11:47 UK, 5th July 2010, by Agrimoney.com
US corn supplies 'to prove tightest for 15 years'

America's corn supplies are to prove even tighter than in the run up to the price spike two years ago, after official statisticians stunned markets with lowball sowings and stocks estimates.

Rabobank, revising up forecasts for prices of both corn and wheat, estimated US corn inventories would fall by more than 13% to 1.23bn bushels the 2010-11 crop year, following last week's surprise US Department of Agriculture figures.

The USDA cut its forecast for American corn sowings, adding that stocks left over from the last harvest were weaker than analysts had expected.

On Rabobank estimates, the fall in corn stocks will leaves them at 9.1% of consumption - the lowest ratio for 15 years, and indeed below the 11% figure in four years ago which helped propel farm commodity prices higher.

The stocks-to-use ratio is a key measure of market tightness, which in turn has a large impact on the prices buyers need to pay to secure supplies.

'Extremely volatile period'

Even corn stocks at this level assume that American corn farmers achieve an average yield of 164.5 bushels per acre, the second highest on record.

Rabobank US corn market maths, 2010-11 (year-on-year change)

Yield: 164.5 bushels per acre (-0.1%)

Production: 13.31bn bushels (+1.5%)

Exports: 2.05bn bushels (+5.1%)

Domestic consumption: 11.46bn bushels (+0.4%)

End stocks: 1.23bn bushels (-13.5%)

Stocks-to-use ratio: 9.1% (-1.5 points)

"If final yields fall short of our current estimate, or demand exceeds expectations, prices will need to rally" to encourage growers to plant more corn next year, and ease the market squeeze, Rabobank said.

Corn prices faced an "extremely volatile period… until the new crop supply is known".

The bank lifted its forecast for prices in the July-to-September quarter by $0.15 a bushel to $3.85 a bushel.

"Based off the USDA updates, Rabobank expects that the summer lows [in corn prices] have now been reached," the bank said in a report.

"The increased reliance on a favourable new crop yield will see a substantial risk premium being built into prices over the remainder of the growing season."

Wheat prospects 

The bank also edged higher, by $0.10 a bushel to $4.85 a bushel, its forecast for wheat prices in the newly-started quarter.

Selected US corn stocks-to-use ratios (calculated from USDA data)

2008-09: 13.9%

2007-08: 12.8%

2006-07: 11.6%

2004-05: 19.8% (recent high)

1995-96: 5.0%

Note: exports included within use, as per Rabobank methodology

The revision reflected in the main the prospects of firmer corn prices. The two grains can be substituted to some extent for many purposes, such as in livestock feed.

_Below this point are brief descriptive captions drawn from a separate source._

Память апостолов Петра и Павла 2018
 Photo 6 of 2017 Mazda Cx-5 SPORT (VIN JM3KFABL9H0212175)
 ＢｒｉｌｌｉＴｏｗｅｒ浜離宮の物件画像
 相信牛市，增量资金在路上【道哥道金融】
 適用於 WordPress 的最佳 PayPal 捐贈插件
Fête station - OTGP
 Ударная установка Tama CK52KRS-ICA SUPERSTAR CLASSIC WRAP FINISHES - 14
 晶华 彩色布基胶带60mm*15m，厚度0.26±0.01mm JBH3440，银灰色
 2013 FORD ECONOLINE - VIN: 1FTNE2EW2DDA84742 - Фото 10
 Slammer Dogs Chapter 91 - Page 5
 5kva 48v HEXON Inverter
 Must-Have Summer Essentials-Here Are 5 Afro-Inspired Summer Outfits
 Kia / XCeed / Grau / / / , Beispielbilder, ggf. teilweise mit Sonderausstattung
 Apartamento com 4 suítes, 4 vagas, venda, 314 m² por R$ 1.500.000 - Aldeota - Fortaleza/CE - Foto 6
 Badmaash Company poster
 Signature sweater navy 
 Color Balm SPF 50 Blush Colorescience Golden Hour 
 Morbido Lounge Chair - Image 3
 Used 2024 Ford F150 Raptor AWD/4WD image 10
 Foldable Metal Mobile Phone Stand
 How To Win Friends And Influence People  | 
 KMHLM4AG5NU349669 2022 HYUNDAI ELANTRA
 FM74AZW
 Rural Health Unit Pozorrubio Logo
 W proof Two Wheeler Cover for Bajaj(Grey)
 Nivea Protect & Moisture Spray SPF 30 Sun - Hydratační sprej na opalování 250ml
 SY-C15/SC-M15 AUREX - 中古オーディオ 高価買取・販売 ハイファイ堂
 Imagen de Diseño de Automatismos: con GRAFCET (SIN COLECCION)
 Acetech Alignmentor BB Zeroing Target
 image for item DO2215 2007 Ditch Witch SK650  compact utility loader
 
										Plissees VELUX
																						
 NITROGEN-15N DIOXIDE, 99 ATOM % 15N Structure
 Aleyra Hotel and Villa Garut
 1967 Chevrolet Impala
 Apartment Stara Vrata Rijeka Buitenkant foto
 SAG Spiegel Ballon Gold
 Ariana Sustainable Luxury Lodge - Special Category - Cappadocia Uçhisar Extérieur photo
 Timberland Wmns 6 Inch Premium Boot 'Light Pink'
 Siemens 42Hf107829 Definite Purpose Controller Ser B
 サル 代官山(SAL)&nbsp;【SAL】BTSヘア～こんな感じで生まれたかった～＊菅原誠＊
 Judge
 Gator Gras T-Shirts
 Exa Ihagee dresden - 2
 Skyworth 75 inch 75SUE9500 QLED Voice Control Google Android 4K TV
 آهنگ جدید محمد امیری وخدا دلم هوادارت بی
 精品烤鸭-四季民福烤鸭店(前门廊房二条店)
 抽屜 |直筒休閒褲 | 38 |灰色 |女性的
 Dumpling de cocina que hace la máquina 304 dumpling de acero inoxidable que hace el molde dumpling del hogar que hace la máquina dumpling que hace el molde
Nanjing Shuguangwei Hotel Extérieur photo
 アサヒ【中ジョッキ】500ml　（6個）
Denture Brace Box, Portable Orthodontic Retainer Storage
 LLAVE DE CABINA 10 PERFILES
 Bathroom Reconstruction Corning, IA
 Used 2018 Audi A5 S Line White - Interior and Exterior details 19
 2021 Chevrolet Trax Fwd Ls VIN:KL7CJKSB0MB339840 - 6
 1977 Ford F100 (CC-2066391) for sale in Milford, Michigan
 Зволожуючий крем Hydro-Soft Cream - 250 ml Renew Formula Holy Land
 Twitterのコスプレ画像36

Nonetheless, Rabobank also noted a "more balanced" outlook for wheat supplies, after challenges of a wet spring in Canada, dry weather in northern Europe, and higher rates of winterkill in Russia and Ukraine.

Price progress would depend largely on any further weather setbacks.

"Adverse weather during northern hemisphere wheat harvest or corn development will likely trigger a bullish rally."